5 Responsible Uses for AI as an L&D Leader

Does anyone remember being told in grade school that you had to learn various calculation techniques because “you won’t be walking around with a calculator in your pocket when you grow up”? I may have dated myself a bit, but this line of reasoning turned out to be dead wrong. I not only have a calculator, but a translation device, phone, camera, entertainment hub, and comprehensive worldwide library in my pocket. New technology disrupts how things are done. Learning is no different. As tech evolves, so should the way we teach and learn. 

It comes as no surprise that 63% of companies said they plan to increase or maintain artificial intelligence (AI) and machine learning (ML) spending in 2023. Learning leaders now have powerful tools at their disposal to transform corporate training. At the outset, however, I think it’s prudent to mention that AI is not about replacing human expertise but enhancing it, freeing up time for more strategic initiatives and personal connections.

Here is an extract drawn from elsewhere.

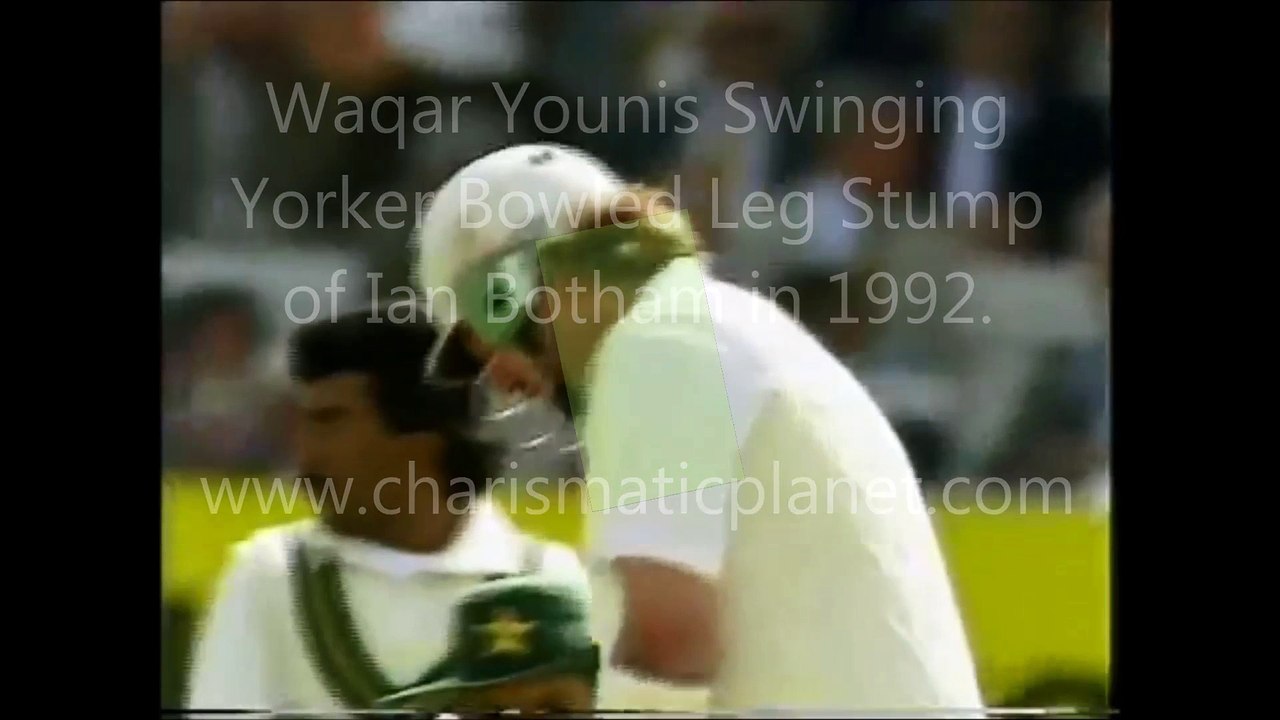 Waqar Younis Reverse Swing Yorker Bowled Leg Stump of Ian Botham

While it offers so much potential, for many industries, a conservative approach to AI (particularly generative AI) is prudent. Remember, many new technologies have open-source origins and broad end-user agreements that could introduce undue risk. 

Here are five ways learning leaders can leverage AI:

#1 To offer more personalized learning content

We all know what it’s like to receive a marketing email that isn’t relevant to us; it goes straight to the trash. If, however, we get an offer tailored to our current needs and desires, we are much more likely to engage. In the same way, learners are motivated by content that meets them where they are.

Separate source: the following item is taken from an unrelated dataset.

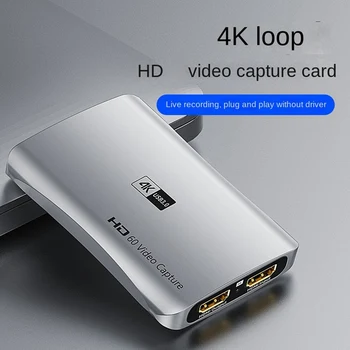 1Set 1080P 4K -Kompatibilné digitalizačné Karty USB 3.01080 S 60FPS HD Video Capture Karty Live Záznam Zachytiť Kartu Silver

In a survey by Brightwave, 77% of L&D professionals highlighted personalized learning as vital to employee engagement. AI has the potential to deliver highly personalized learning experiences to individual learners in real-time. AI models can dynamically adjust difficulty levels by analyzing learner behavior and preferences, inserting relevant examples and scenarios, and tailoring course versions for each learner. For example, an AI model may adapt to a learner by reiterating questions around a subject area in which they scored poorly in the past. That could simply be in the current session, or in future sessions as technology advances. This level of personalization boosts learner motivation and engagement—key factors in creating learning that can deliver a positive ROI.

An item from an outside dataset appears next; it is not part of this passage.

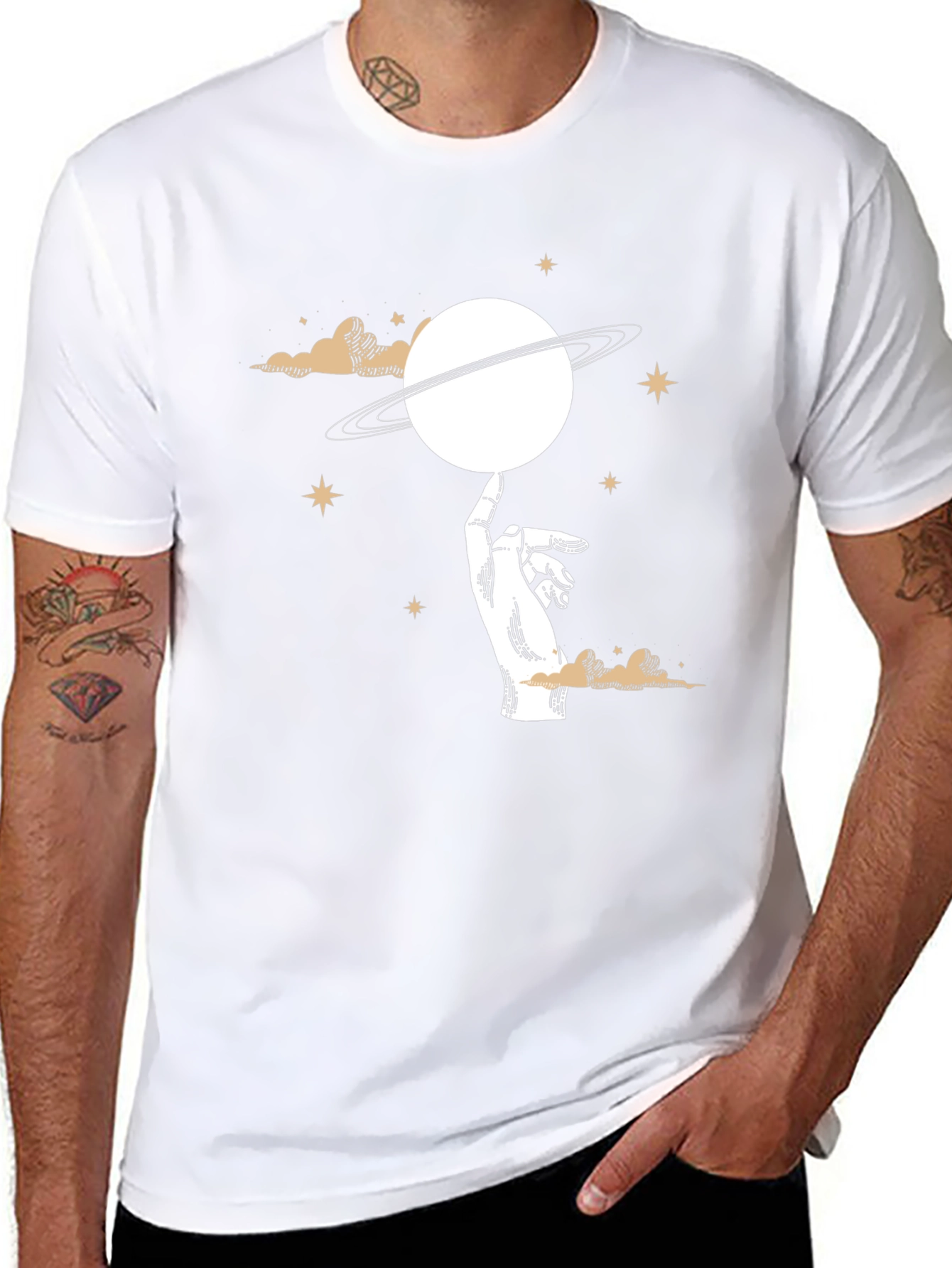 Celestial Hand Saturn Graphic T-Shirt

#2 To provide detailed, continuous feedback

Learning is an active process that involves an individual trying new things, failing forward, and, crucially, receiving constructive feedback. However, traditional methods often fall short in providing timely and valuable feedback. Immersive scenario simulations replicate the challenges people are likely to encounter in their roles, allowing them to apply their knowledge in context, receive immediate feedback, and iterate their strategies for optimal outcomes, thus enabling them to build confidence and proficiency.

AI-powered models can take this a step further by tracking multiple data points, analyzing learner responses and sentiment, and providing real-time, hyper-personalized feedback. By leveraging these techniques, we have the potential to transform routine feedback into dynamic conversations:

  • Delivering personalized critiques
  • Responding to clarifying questions
  • Offering follow-up assessments until the learner achieves competence 

This type of feedback system is the ideal state. To achieve it, organizations must prioritize collecting, formatting, and analyzing learner records to provide integrated AI systems with the training data they require to fuel these kinds of solutions. More on that in a moment. 

#3 To empower learner-driven exploration

Learners’ questions and curiosities don’t fit neatly within the confines of a prescribed curriculum. AI-powered tools allow learners to explore and interact with course content in a more flexible and personalized way. For example, learners can move seamlessly from core content to related support material to tangential topics that pique their interests. This learner-driven approach empowers individuals to delve deeper into their specific areas of curiosity and enhances their overall learning experience. 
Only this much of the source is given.